Some of this conspiring was revealed before, during and after the trial. Sheridan argued in court that a “cabal” was manoeuvring against him, as his explanation for the 11 EC witnesses giving evidence against him. However, it is clear that they told the truth, which was necessary to avoid going to jail for purgery or contempt of court. Eventually, two open factions, the anti-Sheridan United Left and the pro-Sheridan SSP Majority, were formed.
At an SSP rally on the 2nd of September, current convenor Colin Fox said that he asked a woman who wanted to join the party despite its difficulties after the trial whether she was paid by the state. This was a clever way of pointing out the most important factor behind the crisis – infiltration.
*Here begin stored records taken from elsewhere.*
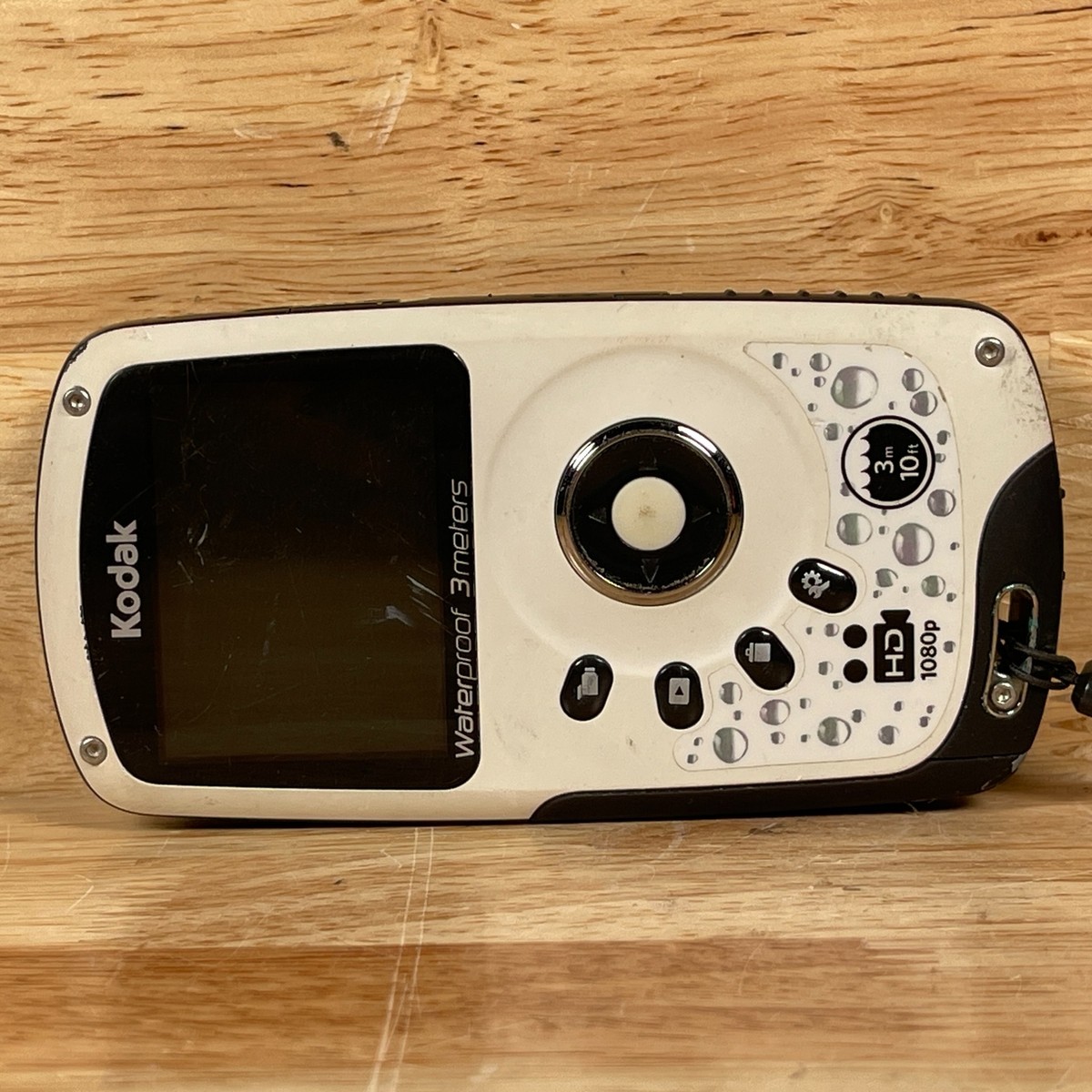 Kodak Playsport ZX3 Class B White Waterproof 5V 1080p HD Pocket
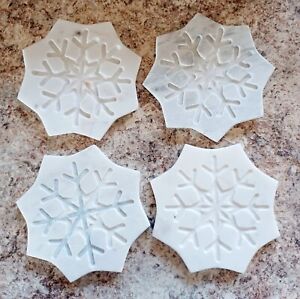 Aspen Home Marble Snowflake Coasters Set Of 4 Made In India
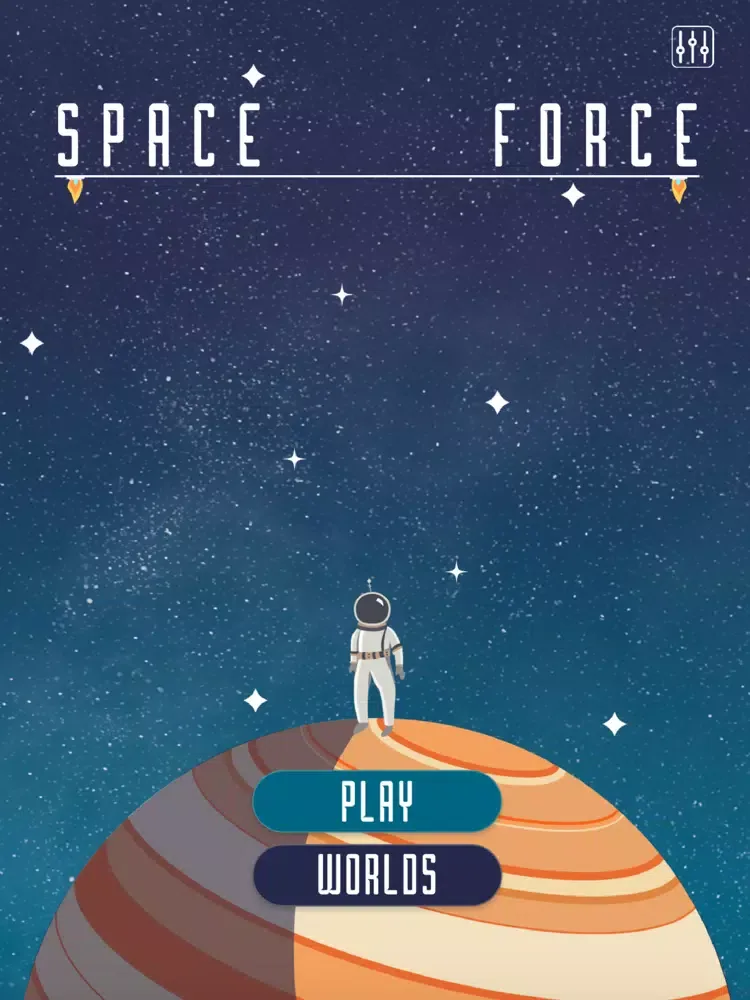 Space Force: Simple Platformer iPad  سکرین شاٹس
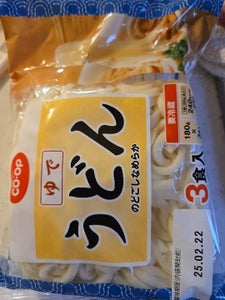 COOP うどん3食入 180gX3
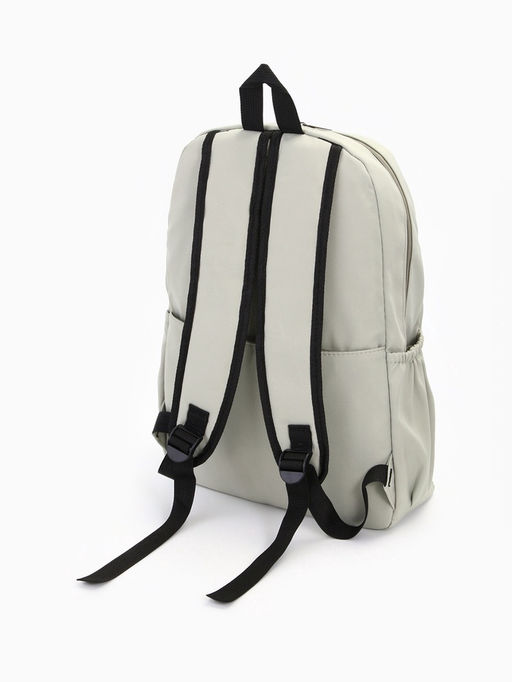 Рюкзак школьный на молнии, с карманами, с принтом, размер 30?12?43 см, розовый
I realised that Colin was on the side of big business during the 2005 general election campaign due to him repeatedly refusing to answer questions directly, on the issue of immigration on Newsnight Scotland and on various issues during an ITV programme where a studio audience asked him questions – but his mention of infiltration is a strong indication that he is now on the side of the working class. Former Labour MSP John McAllion is planning to challenge Colin for leadership of the SSP, presumably backed by the United Left. It is very important that the SSP’s convenor is a revolutionary like Colin rather than a reformist like John.
Tommy Sheridan, together with the Socialist Worker and CWI platforms of the SSP, has launched a rival party called Solidarity: Scotland’s Socialist Movement, splitting the left that had united in a single party. The Socialist Workers Party/platform (SWP) dominates Solidarity and will try to run it in a similar manner to how it runs Respect in England and Wales, as a broader party which encourages Muslims to join irrespective of whether they are socialists. The CWI want the word “socialist” in the name of the party, and are annoyed that the party will usually be referred to merely as “Solidarity”. They argue in the September issue of International Socialist that it should be renamed, perhaps as the Socialist Solidarity Movement. However, the SWP’s dominance and the publicity Solidarity will have received under its current name (as well as the fact that the CWI’s suggested name is extremely unwieldy) will ensure that their attempt to rename it at the November conference fails.
Another tension within Solidarity will be the issue of independence, which Sheridan supports but the SWP and CWI oppose. CWI Scotland’s leader Philip Stott claimed in the same issue of their paper that the SSP argues that independence would solve capitalism’s problems. This is a complete lie – the SSP realises that socialism is not on the verge of coming to power and that a capitalist independent Scotland would be a step towards a socialist Scotland and socialist world.
The SWP were an extremely negative force within the SSP. They had been able to mobilise around a third of the delegates at SSP conferences around terrible positions such as support for the entire Iraqi “resistance” (including those carrying out suicide bombings and beheadings which help the West’s strategy of divide-and-rule). However, they had grown in strength by the time of the conference earlier this year (due to the SSP’s internal difficulties) and they won some of the votes. Their departure from the SSP is a very useful by-product of the launch of Solidarity.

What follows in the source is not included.